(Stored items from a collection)
——————————

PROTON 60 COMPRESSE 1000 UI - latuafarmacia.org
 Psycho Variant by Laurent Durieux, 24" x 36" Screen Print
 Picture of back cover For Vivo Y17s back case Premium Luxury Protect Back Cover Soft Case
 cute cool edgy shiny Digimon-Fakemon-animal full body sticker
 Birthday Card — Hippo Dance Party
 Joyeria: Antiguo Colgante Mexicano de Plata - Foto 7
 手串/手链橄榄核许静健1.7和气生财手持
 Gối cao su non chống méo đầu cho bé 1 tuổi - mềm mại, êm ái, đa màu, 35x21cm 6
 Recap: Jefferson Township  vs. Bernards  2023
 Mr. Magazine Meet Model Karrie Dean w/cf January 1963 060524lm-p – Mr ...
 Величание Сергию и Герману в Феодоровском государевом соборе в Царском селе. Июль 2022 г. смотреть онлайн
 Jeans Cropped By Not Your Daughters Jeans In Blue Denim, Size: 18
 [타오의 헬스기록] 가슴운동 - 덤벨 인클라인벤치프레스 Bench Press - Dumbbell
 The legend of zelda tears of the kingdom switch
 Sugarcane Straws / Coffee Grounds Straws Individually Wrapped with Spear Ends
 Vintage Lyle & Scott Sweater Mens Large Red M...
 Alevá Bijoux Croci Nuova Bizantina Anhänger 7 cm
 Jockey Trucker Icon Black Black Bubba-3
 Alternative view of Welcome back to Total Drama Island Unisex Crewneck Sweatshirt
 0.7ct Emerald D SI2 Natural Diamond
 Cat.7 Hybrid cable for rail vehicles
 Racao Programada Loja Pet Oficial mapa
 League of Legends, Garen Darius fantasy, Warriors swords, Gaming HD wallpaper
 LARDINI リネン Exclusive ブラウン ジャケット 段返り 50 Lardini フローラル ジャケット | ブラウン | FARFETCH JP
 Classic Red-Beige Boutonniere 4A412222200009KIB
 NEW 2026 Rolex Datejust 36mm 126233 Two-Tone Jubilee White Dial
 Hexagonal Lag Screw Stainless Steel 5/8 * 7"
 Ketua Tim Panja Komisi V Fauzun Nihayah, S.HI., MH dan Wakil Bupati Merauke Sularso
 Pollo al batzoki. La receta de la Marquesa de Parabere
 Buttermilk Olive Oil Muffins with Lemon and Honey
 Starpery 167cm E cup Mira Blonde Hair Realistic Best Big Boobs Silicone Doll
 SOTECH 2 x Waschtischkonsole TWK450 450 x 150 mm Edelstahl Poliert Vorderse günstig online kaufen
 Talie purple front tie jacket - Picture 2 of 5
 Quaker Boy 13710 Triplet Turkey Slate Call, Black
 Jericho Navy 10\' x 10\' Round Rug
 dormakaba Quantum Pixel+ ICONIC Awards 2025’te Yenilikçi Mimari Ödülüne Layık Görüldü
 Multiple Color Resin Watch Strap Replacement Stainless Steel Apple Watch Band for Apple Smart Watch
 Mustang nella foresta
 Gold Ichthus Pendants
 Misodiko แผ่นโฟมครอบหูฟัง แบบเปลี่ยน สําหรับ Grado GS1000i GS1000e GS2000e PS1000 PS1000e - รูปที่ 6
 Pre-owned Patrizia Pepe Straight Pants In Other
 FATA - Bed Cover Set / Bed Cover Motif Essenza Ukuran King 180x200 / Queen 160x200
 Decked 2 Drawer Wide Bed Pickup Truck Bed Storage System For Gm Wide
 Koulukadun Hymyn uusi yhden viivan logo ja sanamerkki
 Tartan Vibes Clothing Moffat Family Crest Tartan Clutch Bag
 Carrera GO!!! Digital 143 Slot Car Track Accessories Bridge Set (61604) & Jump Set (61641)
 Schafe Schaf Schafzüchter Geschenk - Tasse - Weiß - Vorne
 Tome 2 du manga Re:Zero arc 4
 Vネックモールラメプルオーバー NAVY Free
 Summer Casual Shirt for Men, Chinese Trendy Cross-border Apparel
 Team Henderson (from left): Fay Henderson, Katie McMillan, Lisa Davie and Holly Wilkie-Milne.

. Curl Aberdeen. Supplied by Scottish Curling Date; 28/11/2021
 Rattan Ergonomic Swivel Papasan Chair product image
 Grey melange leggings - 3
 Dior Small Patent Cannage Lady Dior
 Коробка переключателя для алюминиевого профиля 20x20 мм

——————————

- **YOUR GOAL**
Please give the entries above again in full, exactly as written.

- **RESPONSE FOR THIS EXERCISE**
PROTON 60 COMPRESSE 1000 UI - latuafarmacia.org
 Psycho Variant by Laurent Durieux, 24" x 36" Screen Print
 Picture of back cover For Vivo Y17s back case Premium Luxury Protect Back Cover Soft Case
 cute cool edgy shiny Digimon-Fakemon-animal full body sticker
 Birthday Card — Hippo Dance Party
 Joyeria: Antiguo Colgante Mexicano de Plata - Foto 7
 手串/手链橄榄核许静健1.7和气生财手持
 Gối cao su non chống méo đầu cho bé 1 tuổi - mềm mại, êm ái, đa màu, 35x21cm 6
 Recap: Jefferson Township  vs. Bernards  2023
 Mr. Magazine Meet Model Karrie Dean w/cf January 1963 060524lm-p – Mr ...
 Величание Сергию и Герману в Феодоровском государевом соборе в Царском селе. Июль 2022 г. смотреть онлайн
 Jeans Cropped By Not Your Daughters Jeans In Blue Denim, Size: 18
 [타오의 헬스기록] 가슴운동 - 덤벨 인클라인벤치프레스 Bench Press - Dumbbell
 The legend of zelda tears of the kingdom switch
 Sugarcane Straws / Coffee Grounds Straws Individually Wrapped with Spear Ends
 Vintage Lyle & Scott Sweater Mens Large Red M...
 Alevá Bijoux Croci Nuova Bizantina Anhänger 7 cm
 Jockey Trucker Icon Black Black Bubba-3
 Alternative view of Welcome back to Total Drama Island Unisex Crewneck Sweatshirt
 0.7ct Emerald D SI2 Natural Diamond
 Cat.7 Hybrid cable for rail vehicles
 Racao Programada Loja Pet Oficial mapa
 League of Legends, Garen Darius fantasy, Warriors swords, Gaming HD wallpaper
 LARDINI リネン Exclusive ブラウン ジャケット 段返り 50 Lardini フローラル ジャケット | ブラウン | FARFETCH JP
 Classic Red-Beige Boutonniere 4A412222200009KIB
 NEW 2026 Rolex Datejust 36mm 126233 Two-Tone Jubilee White Dial
 Hexagonal Lag Screw Stainless Steel 5/8 * 7"
 Ketua Tim Panja Komisi V Fauzun Nihayah, S.HI., MH dan Wakil Bupati Merauke Sularso
 Pollo al batzoki. La receta de la Marquesa de Parabere
 Buttermilk Olive Oil Muffins with Lemon and Honey
 Starpery 167cm E cup Mira Blonde Hair Realistic Best Big Boobs Silicone Doll
 SOTECH 2 x Waschtischkonsole TWK450 450 x 150 mm Edelstahl Poliert Vorderse günstig online kaufen
 Talie purple front tie jacket - Picture 2 of 5
 Quaker Boy 13710 Triplet Turkey Slate Call, Black
 Jericho Navy 10\' x 10\' Round Rug
 dormakaba Quantum Pixel+ ICONIC Awards 2025’te Yenilikçi Mimari Ödülüne Layık Görüldü
 Multiple Color Resin Watch Strap Replacement Stainless Steel Apple Watch Band for Apple Smart Watch
 Mustang nella foresta
 Gold Ichthus Pendants
 Misodiko แผ่นโฟมครอบหูฟัง แบบเปลี่ยน สําหรับ Grado GS1000i GS1000e GS2000e PS1000 PS1000e - รูปที่ 6
 Pre-owned Patrizia Pepe Straight Pants In Other
 FATA - Bed Cover Set / Bed Cover Motif Essenza Ukuran King 180x200 / Queen 160x200
 Decked 2 Drawer Wide Bed Pickup Truck Bed Storage System For Gm Wide
 Koulukadun Hymyn uusi yhden viivan logo ja sanamerkki
 Tartan Vibes Clothing Moffat Family Crest Tartan Clutch Bag
 Carrera GO!!! Digital 143 Slot Car Track Accessories Bridge Set (61604) & Jump Set (61641)
 Schafe Schaf Schafzüchter Geschenk - Tasse - Weiß - Vorne
 Tome 2 du manga Re:Zero arc 4
 Vネックモールラメプルオーバー NAVY Free
 Summer Casual Shirt for Men, Chinese Trendy Cross-border Apparel
 Team Henderson (from left): Fay Henderson, Katie McMillan, Lisa Davie and Holly Wilkie-Milne.

. Curl Aberdeen. Supplied by Scottish Curling Date; 28/11/2021
 Rattan Ergonomic Swivel Papasan Chair product image
 Grey melange leggings - 3
 Dior Small Patent Cannage Lady Dior
 Коробка переключателя для алюминиевого профиля 20x20 мм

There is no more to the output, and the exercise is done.